Acquisitions Information

Series of purchases from Carmen Valentino, 2010-2017.

Collection Arrangement

Arrangement is chronological.

Collection Contents

Folder 1Osborne Family Account Book, 1816-1880

The Osborne Family Account Book (1816-1880) was kept primarily by Samuel Osborne and his son Lindley Osborne. It opens with an inventory of the estate of Joseph Buxton (d. 1816, Weare NH). The rest of the volume and its several loose papers are typical farmer’s account books of the era, dominated by the yearly cycles of haying, plowing, framing houses, purchase of tea and coffee and other foodstuffs, blacksmithing, and so forth. Travel to Francestown and other nearby locations is noted. For a brief time the Osbornes performed subcontract work for Allen & Moses Sawyer, shoe manufacturers in Weare. The Sawyer accounting pages are filled with French lace, fabric, and shoes. It appears the Osbornes paid for schooling of girls from other families, because several pages detail fees paid to the schools for various girls. Many other Weare community members (including many of the Thorndike family) figure prominently in the Osborne accounts.

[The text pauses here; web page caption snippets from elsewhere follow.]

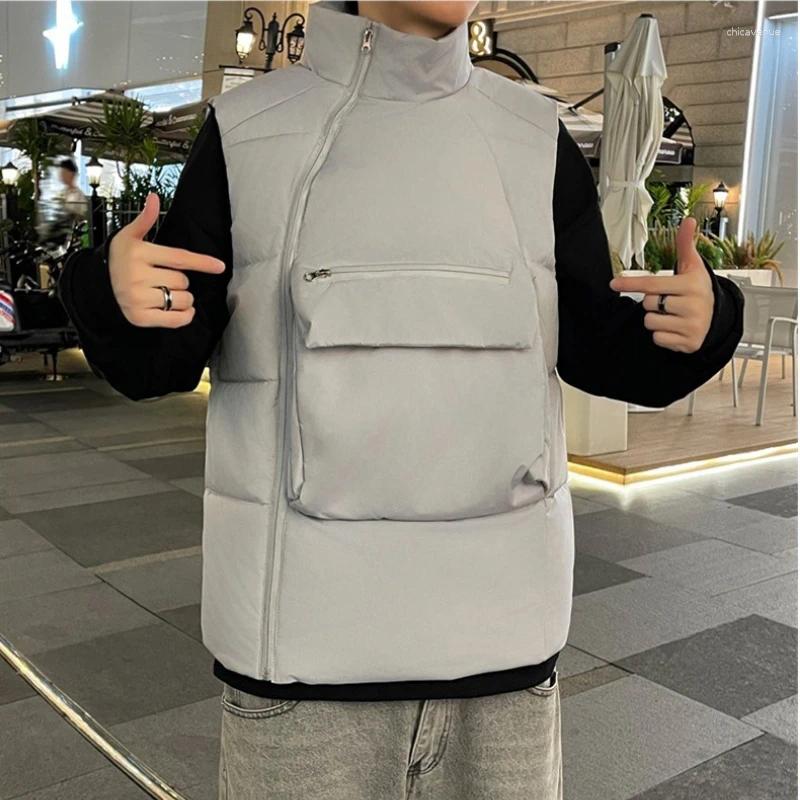 Autumn Winter Men's Cotton Padded Vest Stand Collar Sleeveless Oblique Zipper Front Pockets Design Men Thicken Vests Warm Jacket
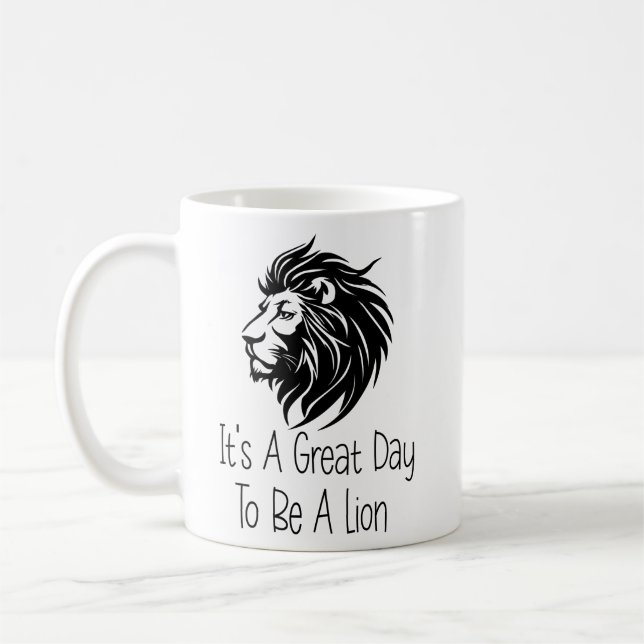 Mug Homme C'est un grand jour d'être un lion (Gauche)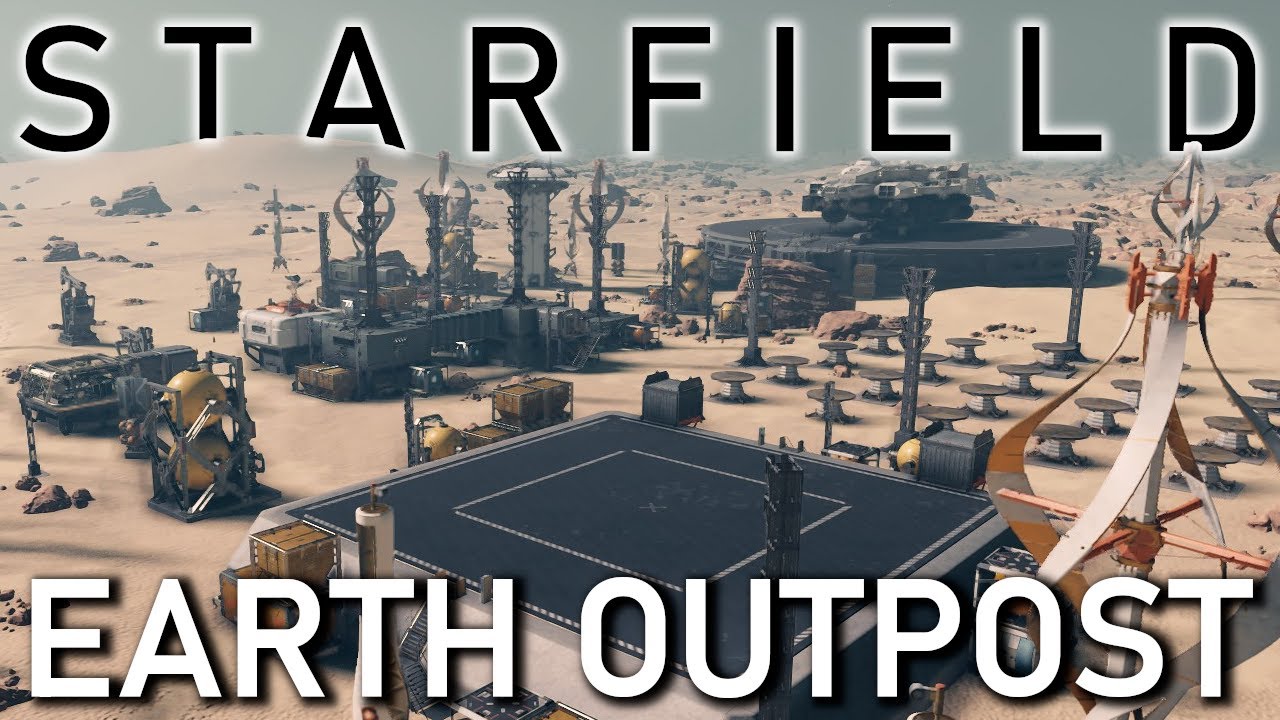Starfield Earth Outpost Tour | Mining Facility and Solar Field | Fully Decorated Build | No Mods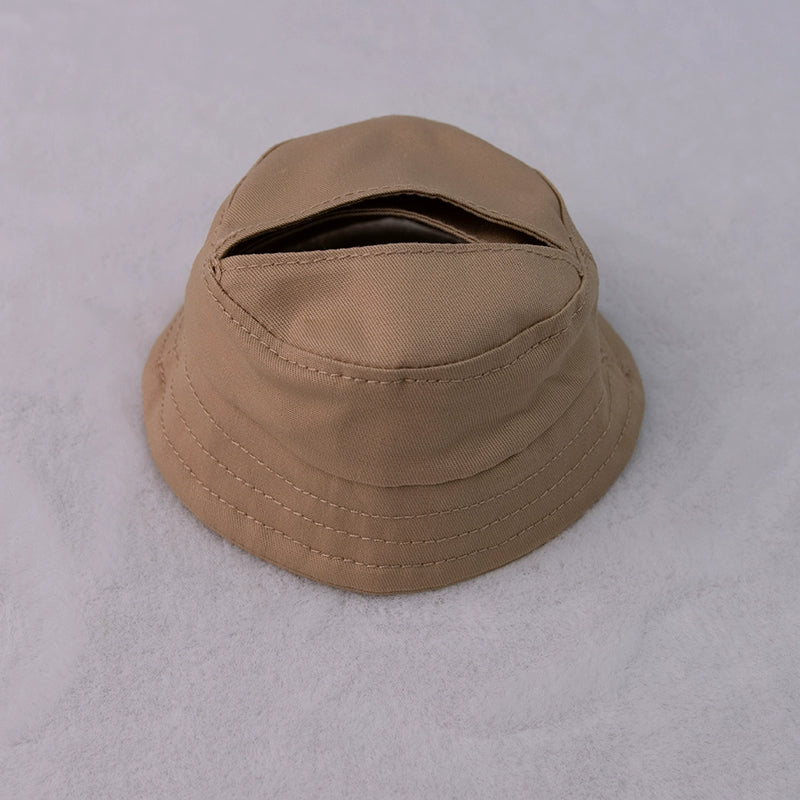 17cm Labubu Outfit Set - Khaki Overalls & Fisherman Hat for Fashion Vinyl Doll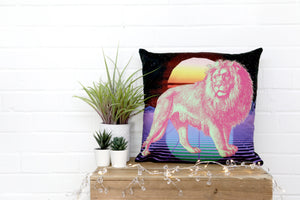 
            
                Load image into Gallery viewer, Neon Retro Lion Velvet Cushion - Kitsch Republic
            
        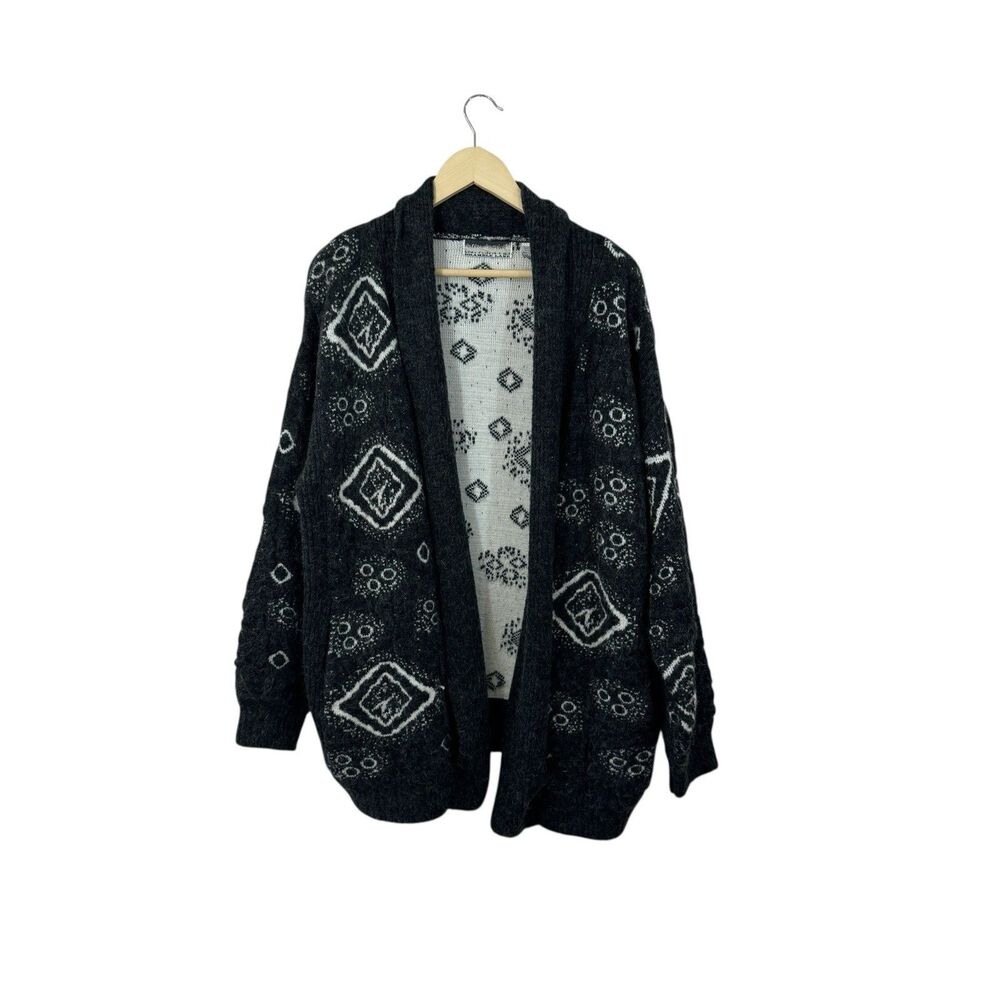 Vintage Bramble Lane Medium Sweater Grandpa Cardigan Wool Blend Oversized Womens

Folder 2Lindley H. Osborne, North Weare, 1879-1890

The Lindley Osborne Diary is half commonplace book and half diary – extensive clippings and quotations are glued in and copied onto specific days. They are mostly to do with farming, building, weather, the price of goods, and moral tracts. Some quotations are from Scripture or from Quaker leader George Fox. There are also land surveys and descriptions of local features. Osborne evidentially traveled within New England, and mentions being at Amesbury MA and the 1882 New England Yearly Meeting (Rhode Island). His farming records are quite detailed, down to the specific varieties of pears grafted and apples harvested.

Folder 3Charles H. Osborne, North Weare, 1873-1899

The Charles H. Osborne diaries span the years 1893-1899 in six volumes, with 1896 missing. They chronicle Osborne’s graduation from Haverford College, subsequent teaching appointment at Wilmington College (Ohio) in 1894, and struggles to find a full time teaching job from 1895 through 1899. He was very educated, and regularly attended YMCA, Temperance League, and lectures in his spare time. Sports are frequently mentioned, but not music. Wilmington Yearly Meeting, Philidelphia Yearly Meeting, and New England Yearly Meeting are mentioned.

After finishing his teaching job at Wilmington College, Osborne moved home to the family farm in Weare NH. Diaries from this time depict visits to family and friends, funerals, farm life, and making a living producing maple syrup, surveying land, and fixing wagons and sleighs. By the end of the century he is teaching a small one room school with six students at Sugar Hill (part of Weare).